= Gavra Avramov =

Serbian politician

Gavra Avramov (Гавра Аврамов; born 1956) is a politician in Serbia. He served in the Assembly of Vojvodina from 2012 to 2020 as a member of the Social Democratic Party of Serbia (SDPS).

==Private career==
Avramov is from Ravno Selo in the municipality of Vrbas, Vojvodina. He is a graduated mechanical engineer. Avramov was the director of Novkabel for a number of years (having first been appointed on an interim basis in 2003) and later became director of the company Monet G.

==Politician==
The SDPS contested the 2012 Vojvodina provincial election on an electoral list led by the Socialist Party of Serbia. Avramov was given the ninth position on the list and was elected when it won exactly nine mandates. The election was won by the Democratic Party and its allies, and the SDPS served in opposition for the next four years.

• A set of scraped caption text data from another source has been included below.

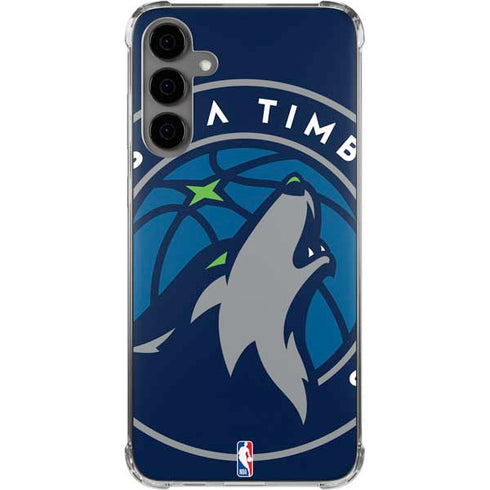 NBA Minnesota Timberwolves Large Logo Galaxy S24 Plus Clear Case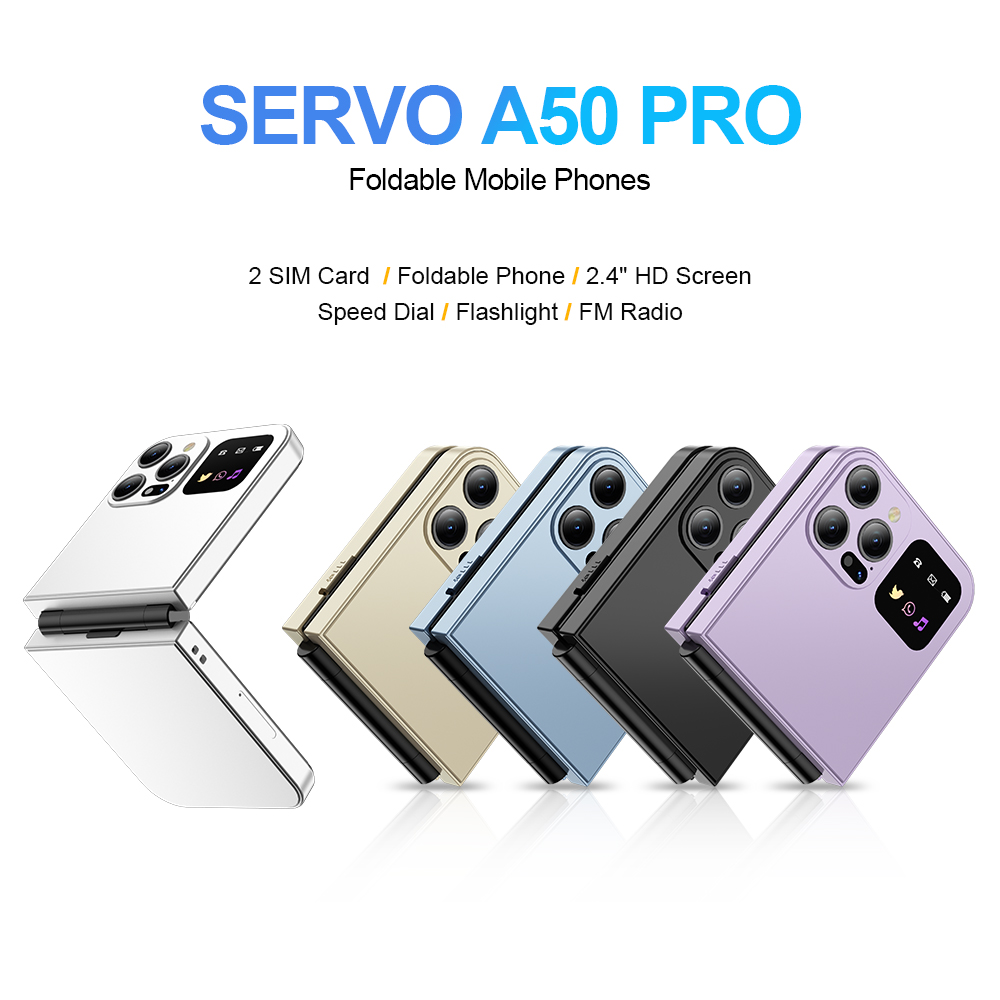 Phone Cases Green - SERVO A50 PRO Flip Mobile Phone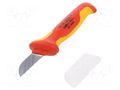 Knife; for cables; Tool length: 190mm; Blade length: 50mm KNIPEX KNP.9852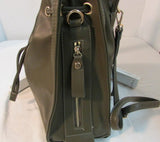 Moda Luxe Margo Olive Green Drawstring Leather Backpack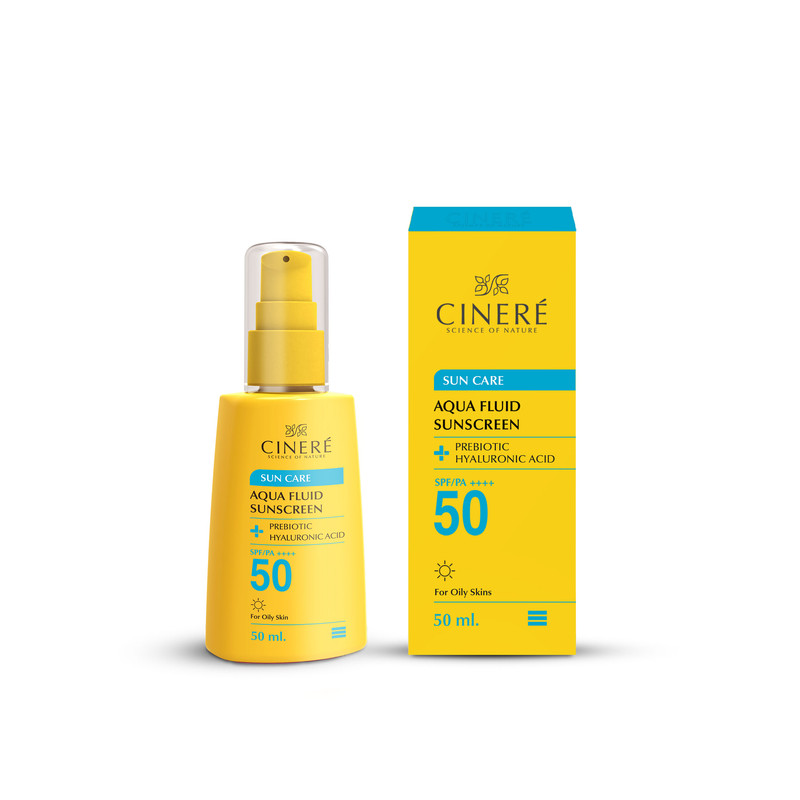فلوئید ضد آفتاب بیرنگ سینره، 50 SPF، مدل PREBIOTIC، مناسب پوستهای چرب با حجم 50 میلیلیتر، فاقد پارابن، محافظتکننده در برابر اشعههای UVA و PA ،UVB++++، دارای فرمولاسیون فاقد چربی و هیالورونیک اسید، با ماندگاری 2 ساعته - تصویر 5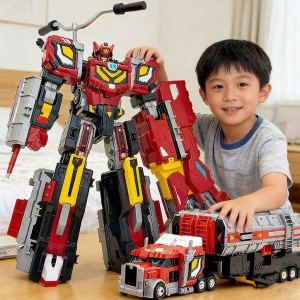 JUMPGO | Deformable Robotic Toys Flame Dragon Warrior for Boys
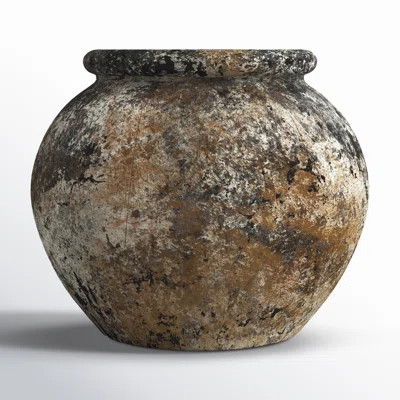 Zera Rust Gray Indoor / Outdoor Terracotta Table Vase | Wayfair North America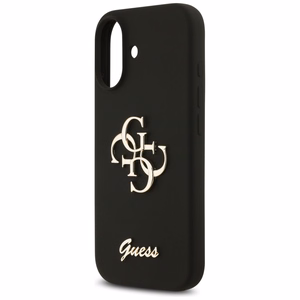 Guess Silicone Big 4G Script viedtālruņa apvalks iPhone 17 melns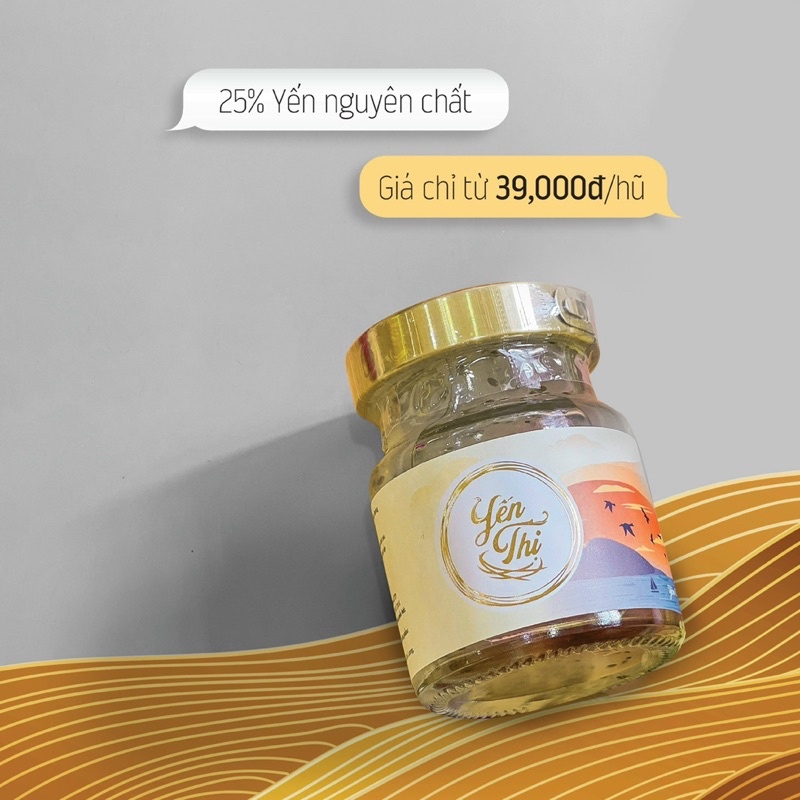 YẾN THỊ - YẾN CHƯNG SĂN - YẾN TƯƠI 100% (12gr yến/ hũ)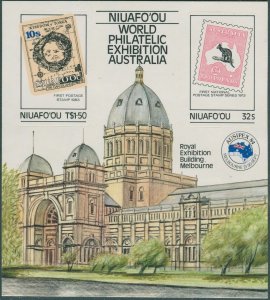 Niuafo'ou 1984 SG50 Ausipex MS MNH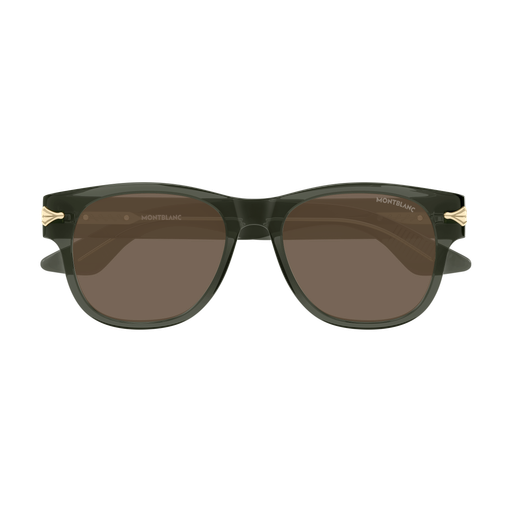 Montblanc Nib MB0478S 003 Crystal Grey Luxury Sunglasses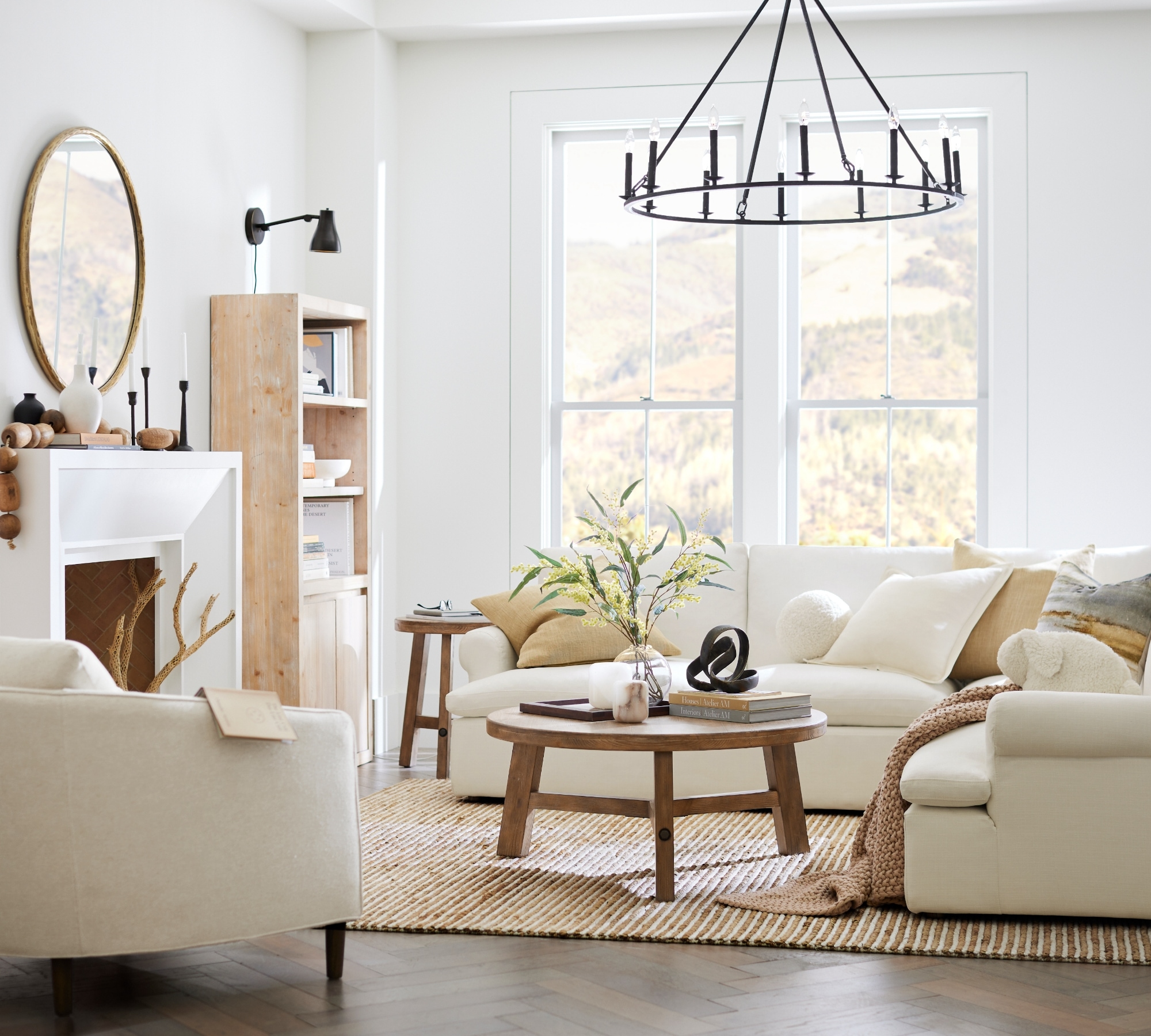 Pottery Barn Living Rooms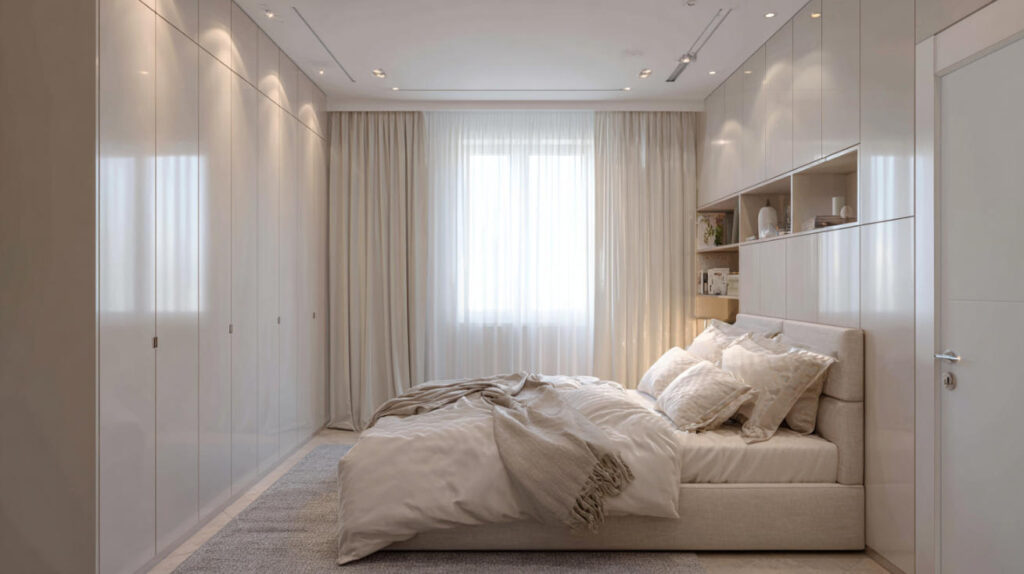 Small Bedroom Wardrobe Closet Design Ideas 17 Floor-to-Ceiling Wardrobe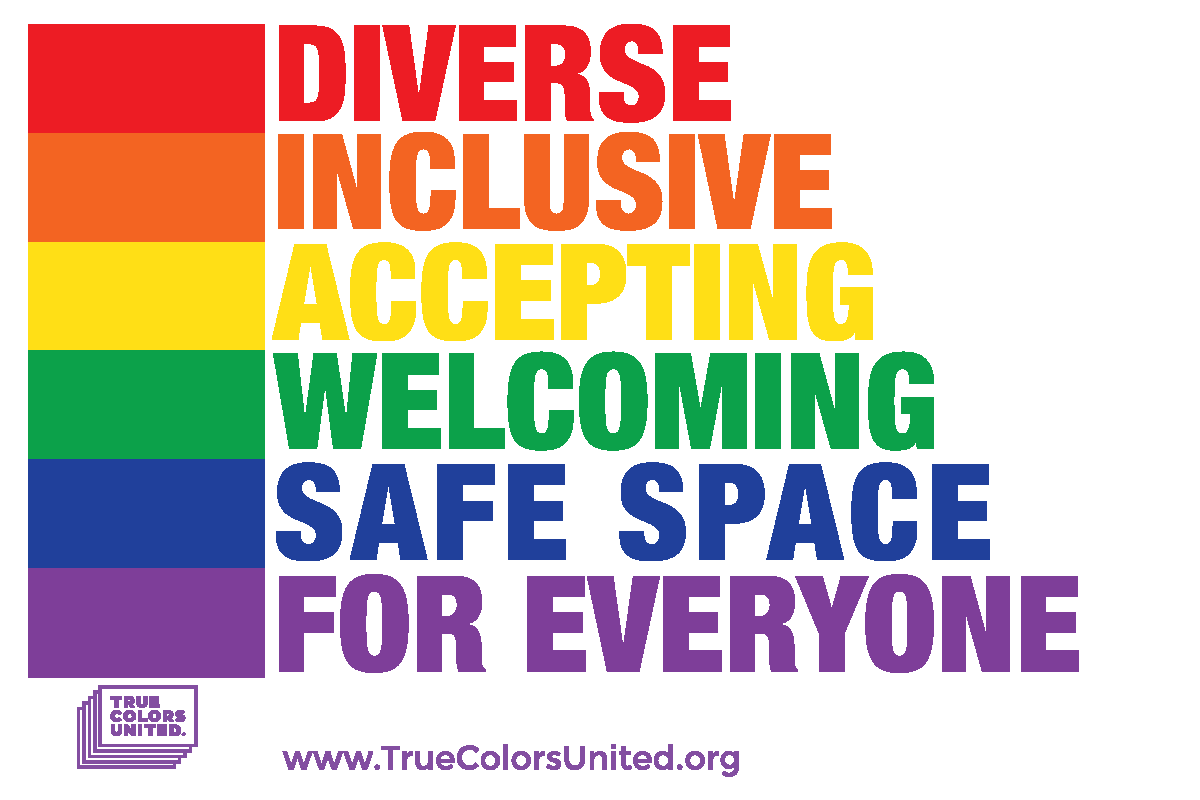 True Colors United Safe Space Sticker
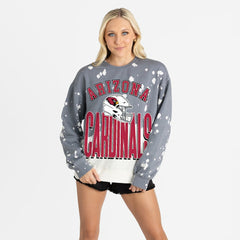 Arizona Cardinals Gameday Couture Women's Arch Rivals Faded Wash Sweatshirt Gray | NFL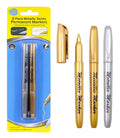 2PK Metallic Markers-Gold/Silver Series (D)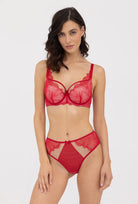Czerwone majtki bikini Kayla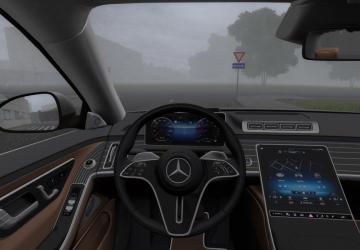 Мод Mercedes-Benz W223 S450 4MATIC (Без экстр) v03.04.2021 для City Car Driving (v1.5.9.2)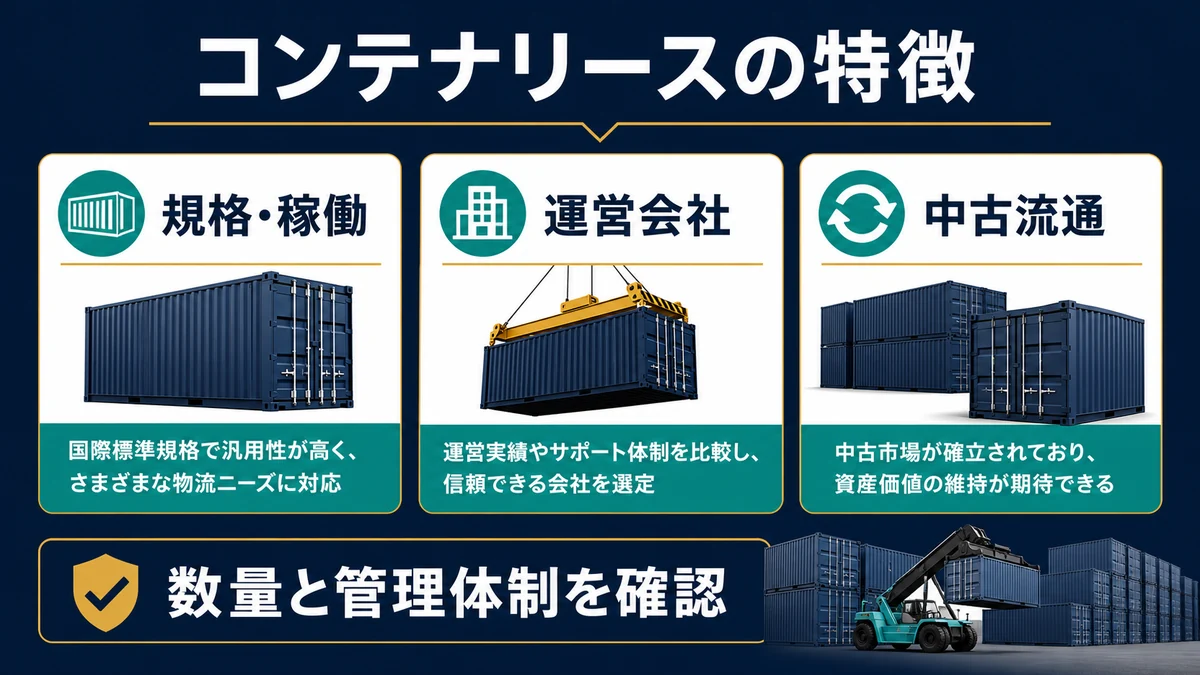 コンテナリースの特徴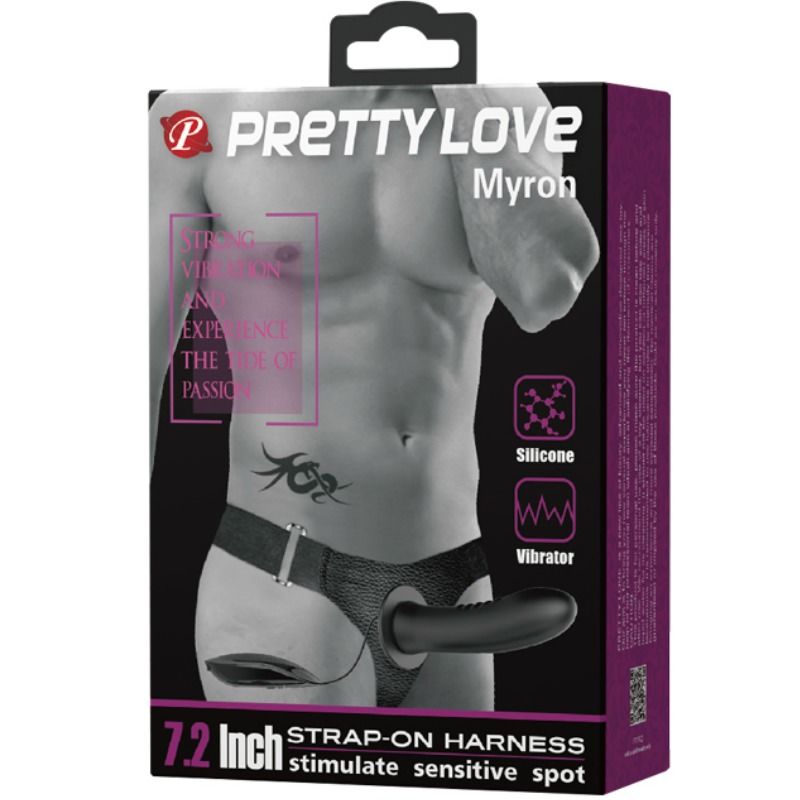 Pretty Love Myron Strap-On Vibrante con Dildo Cavo – immagine 6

For the 2016 provincial election, the SDPS joined the electoral alliance of the Serbian Progressive Party. Avramov received the thirtieth position on the Progressive-led Aleksandar Vučić – Serbia Is Winning list and was re-elected when it won a majority victory with sixty-three out of 120 mandates. He served as a government supporter for the next four years and did not seek re-election in 2020.